## Exercise prompt
Exactly as written, retype the lines that run from the line holding "Foldable Ottoman Footrest" through the end of the records below. Do not include pictures.

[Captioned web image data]
..............................

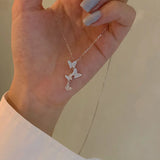 Trendy Bowknot Pendant Necklace – Stylish Fashion Jewelry for Women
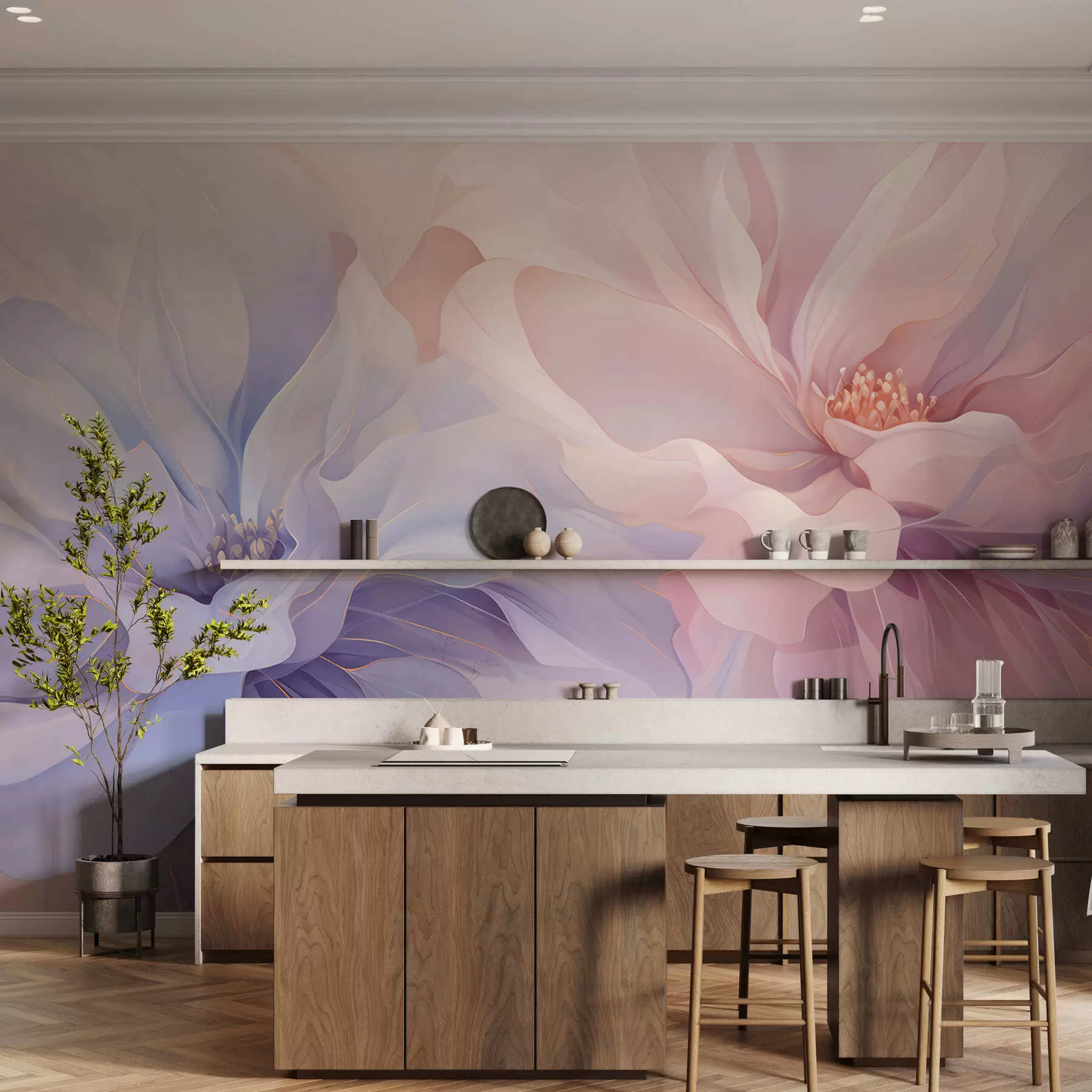 wall murals Airy Petals w05580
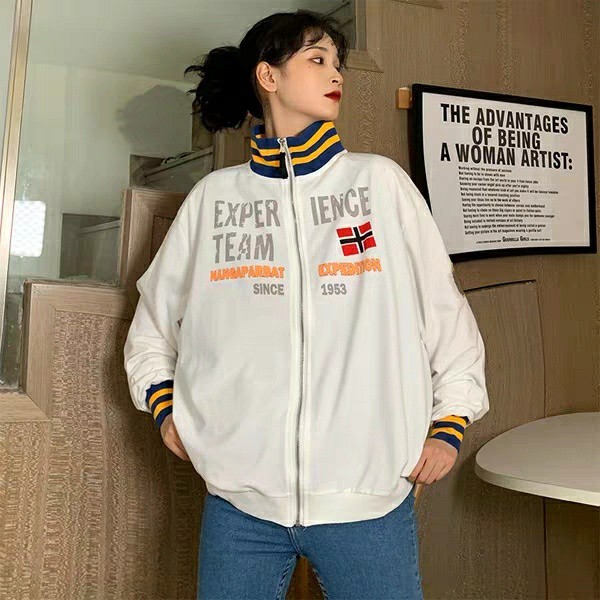 ÁO KHOÁC NỈ NGOẠI TRẮNG MẶC 2 KIỂU - SWEATER EXPEDITION UNISEX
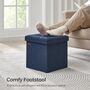 Foldable Ottoman Footrest With Storage Cube, thumbnail 3 of 7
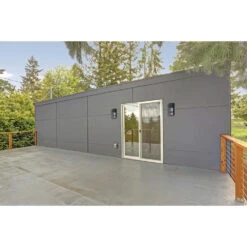 EGLO Venecia LED 10 Inch Matte Black Outdoor Wall Light -EGLO Store 202953a app 08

..............................

## Result below
 Foldable Ottoman Footrest With Storage Cube, thumbnail 3 of 7
 EGLO Venecia LED 10 Inch Matte Black Outdoor Wall Light -EGLO Store 202953a app 08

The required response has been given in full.